I open the door, and my girls rush out, Mari pausing to go backward down the step from the door to the porch, and again from the porch to the walk.

"Chase my shadow, Mommy," Cim hollers immediately, beginning her new favorite game. Leaving Mari cackling and waving her arms behind us, we take off down the driveway and run back and forth, taking turns jumping on each other's shadow.

Mari runs in haphazard zigzags, sometimes in the grass, sometimes on the asphalt of the driveway. She examines sticks, rocks, dandelions, and purple clover, pausing only briefly with each before running on to the next new thing. That's how she's lived since she began crawling at 5.5 months old.

As I tire and begin to slow, I notice small white butterflies flitting about the fields surrounding the house. "Look," I say, holding Cim still with one hand and pointing with the other.

"Butterflies!

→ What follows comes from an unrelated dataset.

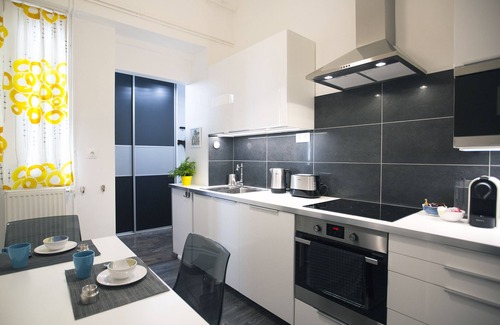 Terezvaros Apartamento | Nuevo apartamento premium de 75m2 ° City Center, AC, Netflix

I can catch them!"

And she's off.

Mari and I tag along, sort of. Mari staggers over the bumpy ground of the field that has not yet been plowed for soybeans or hay. She's in no hurry, at times plopping down unceremoniously to study a clump of grass, or just to whine for a moment and get a hug before wading through more of the grass clumps that come past her knees.

Cim is off in the distance, her magenta "dancing skirt" flapping as she runs, her black shirt contrasting with the  glow of her blond hair in the sun. She runs back and forth, chasing first this butterfly, now that one, laughing and shrieking, and not caring at all that I'm a small figure in the distance.

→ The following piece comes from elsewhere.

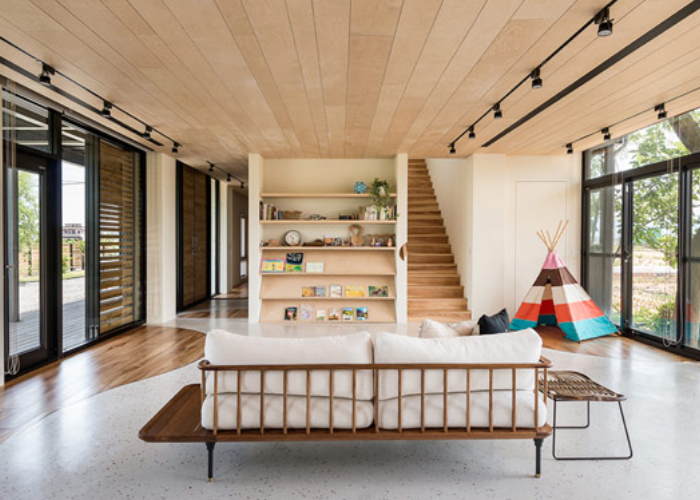 Trần nhà gỗ công nghiệp đơn giản, tinh tế, phù hợp với phong cách nội thất hiện đại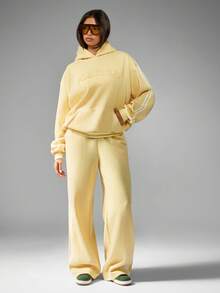 Missguided x Playboy Oversized Long Sleeve Hoodie With Centre Pocket Pullover Sweatshirt For Casual Streetwear Winter Comfort - Yellow - View 3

How easy it is for her to leave me behind, my mind whispers. How easy it is to go from one butterfly to the next, never looking back.

My mind hints that there's a metaphor there; something about chasing insubstantial things and not realizing we've strayed from the path; or, on the other hand, something about how a goal, even one that may change before we get there, can help us travel farther than we ever would have dared otherwise.

But today, she's small, and so far from those important life decisions for which a metaphor might be useful; as for me, my mind is fuzzy with warmth and light. It's spring. Summer and fall will come soon enough. I'm not going to question it today. Today I'm going to chase butterflies.